Sojasauce ist im Vergleich zu Speisesalz bekanntermaßen natriumreich. Daher eignet sie sich gut als Würzmittel. Allerdings kann bereits ein einziger Esslöffel bis zu 43 % der empfohlenen Tagesdosis enthalten; daher ist Vorsicht geboten. Wer seinen Natriumkonsum reduzieren möchte, sollte Sojasauce mit Bedacht verwenden.
Sojasauce und Natrium sind oft Gesprächsthema, doch sie sind nur ein Teil des wahren Umami-Geschmacks. Umami, auch als „fünfter Geschmack“ bekannt, ist ein wohlschmeckender, erdiger Geschmack, der Speisen eine besondere Note verleiht. Er findet sich in Pilzen, gereiftem Käse und fachgerecht fermentierter Sojasauce. Das unverwechselbare Umami-Aroma liegt in den Geheimnissen der Fermentation. Traditionelle Fermentation ist ein langwieriger Prozess, der in der Regel mehrere Monate dauert. Dabei werden die Proteine in Sojabohnen und Weizen in verschiedene kleine Bestandteile, die sogenannten Aromastoffe, aufgespalten. Qualität ist hierbei der wichtigste Faktor. Es gibt sogar noch fortschrittlichere Verfahren wie das High-Salt Dilute Authenticity Brew™-Verfahren, die speziell für eine maximale Geschmacksentwicklung entwickelt wurden. Das Ergebnis ist eine Sauce mit einem kräftigen, angenehmen Duft und einem komplexen Geschmack. Was bedeutet das für Ihre Natriumzufuhr? Eine Sojasauce mit hohem Umami-Gehalt überzeugt bereits in kleinen Mengen mit einem intensiven Geschmack. Sie brauchen nicht viel, um diesen angenehmen Geschmack zu genießen. Eine wässrige, künstlich hergestellte Sojasauce erhält ihren Geschmack meist durch Salz. Daher benötigt man mehr davon und nimmt somit mehr Natrium zu sich. Der Kauf hochwertiger Produkte hingegen ermöglicht es, im Handumdrehen köstliche Gerichte zuzubereiten. Dies ist eine natürliche Art, den Salzkonsum zu reduzieren.
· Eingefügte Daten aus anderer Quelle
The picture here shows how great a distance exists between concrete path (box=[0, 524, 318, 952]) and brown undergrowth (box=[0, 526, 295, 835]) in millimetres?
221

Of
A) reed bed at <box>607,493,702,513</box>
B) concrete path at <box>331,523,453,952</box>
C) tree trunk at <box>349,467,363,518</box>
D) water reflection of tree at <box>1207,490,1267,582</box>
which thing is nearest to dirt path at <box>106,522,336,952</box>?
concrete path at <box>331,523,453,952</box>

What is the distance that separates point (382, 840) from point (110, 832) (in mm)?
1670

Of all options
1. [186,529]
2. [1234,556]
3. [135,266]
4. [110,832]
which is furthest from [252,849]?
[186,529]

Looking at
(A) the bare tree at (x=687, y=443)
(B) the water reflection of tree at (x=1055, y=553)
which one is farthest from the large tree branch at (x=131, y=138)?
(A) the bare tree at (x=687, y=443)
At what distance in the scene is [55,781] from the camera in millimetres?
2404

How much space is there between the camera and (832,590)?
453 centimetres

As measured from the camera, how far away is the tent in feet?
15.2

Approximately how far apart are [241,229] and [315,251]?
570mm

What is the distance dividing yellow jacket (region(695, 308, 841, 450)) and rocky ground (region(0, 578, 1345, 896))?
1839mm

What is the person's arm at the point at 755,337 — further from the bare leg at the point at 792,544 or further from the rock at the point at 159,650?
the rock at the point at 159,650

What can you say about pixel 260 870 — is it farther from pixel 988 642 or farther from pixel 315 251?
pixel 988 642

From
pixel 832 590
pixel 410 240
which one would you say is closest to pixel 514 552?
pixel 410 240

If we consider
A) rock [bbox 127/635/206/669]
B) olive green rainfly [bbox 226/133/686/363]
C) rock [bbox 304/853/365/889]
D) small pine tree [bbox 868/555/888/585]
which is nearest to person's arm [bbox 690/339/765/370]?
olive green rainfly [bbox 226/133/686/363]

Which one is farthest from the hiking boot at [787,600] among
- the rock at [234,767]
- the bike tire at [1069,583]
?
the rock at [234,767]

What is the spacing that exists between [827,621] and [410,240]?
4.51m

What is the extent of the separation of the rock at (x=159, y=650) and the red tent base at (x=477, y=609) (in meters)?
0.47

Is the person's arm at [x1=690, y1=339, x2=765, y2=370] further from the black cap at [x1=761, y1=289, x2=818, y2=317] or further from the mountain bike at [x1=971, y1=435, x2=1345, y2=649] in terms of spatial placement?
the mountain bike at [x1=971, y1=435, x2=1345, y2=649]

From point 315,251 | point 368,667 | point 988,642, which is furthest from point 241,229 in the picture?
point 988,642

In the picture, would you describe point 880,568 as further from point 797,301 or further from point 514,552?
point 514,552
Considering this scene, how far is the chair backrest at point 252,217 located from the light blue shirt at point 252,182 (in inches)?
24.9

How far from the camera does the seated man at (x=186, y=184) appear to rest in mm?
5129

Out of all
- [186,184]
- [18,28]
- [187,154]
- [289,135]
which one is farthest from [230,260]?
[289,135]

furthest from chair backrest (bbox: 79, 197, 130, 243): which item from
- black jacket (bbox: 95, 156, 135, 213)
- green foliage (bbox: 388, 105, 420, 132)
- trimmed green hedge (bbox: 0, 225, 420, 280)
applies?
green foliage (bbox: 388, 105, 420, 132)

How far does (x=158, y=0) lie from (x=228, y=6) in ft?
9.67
Wenn man den Natriumgehalt von Sojasauce senken möchte, scheint es nur eine Lösung zu geben. Doch der Versuch, den Druck einfach zu verringern, führt nicht immer zum Erfolg. Anstatt uns hauptsächlich auf die Umsetzung zu konzentrieren, sollten wir nach einem intelligenteren Weg suchen. Kontrolle übernehmen, ohne auf Geschmack zu verzichten.
Sojasauce mit reduziertem Natriumgehalt scheint eine ideale Lösung zu sein. Doch ein genauerer Blick lohnt sich. Einerseits sind sie äußerst wirksam. Wenn es Ihnen nur darum geht, den Natriumgehalt zu senken, erfüllen sie ihren Zweck. Die entscheidende Frage ist jedoch: Wie schmecken sie? Der Geschmack einer Sojasauce mit reduziertem Natriumgehalt hängt allein von der Herstellung ab. Manche minderwertige Marken verdünnen ihr Produkt einfach mit Wasser und fügen andere Aromen hinzu, um den Geschmack auszugleichen. Das Ergebnis ist ein dünner, weniger befriedigender Geschmack, und man verwendet unter Umständen mehr davon, was den Zweck der Natriumreduktion teilweise zunichtemacht. Die besten Marken mit reduziertem Natriumgehalt sind diejenigen, deren Hersteller mit einer kräftigen, authentischen und traditionell gebrauten Basis beginnen. Nach Abschluss der Fermentation wird mithilfe spezieller Verfahren ein Teil des Salzes entfernt. Dieses Verfahren ist vorteilhaft, da es mehr vom ursprünglichen Geschmack und dem vollen Umami-Geschmack erhält. Wie wissenschaftliche Studien zur Rezepturverbesserung von Sojasauce gezeigt haben, kann die Verwendung anderer umamireicher Verbindungen wie Hefeextrakte salzreduzierte Varianten für Verbraucher deutlich attraktiver machen. Letztendlich liegt die Entscheidung bei Ihnen. Eine hochwertige, vollmundige Sojasauce, die nur in kleinen Mengen verwendet wird, kann viel schmackhafter und befriedigender sein als eine größere Portion einer faden, natriumreduzierten Variante.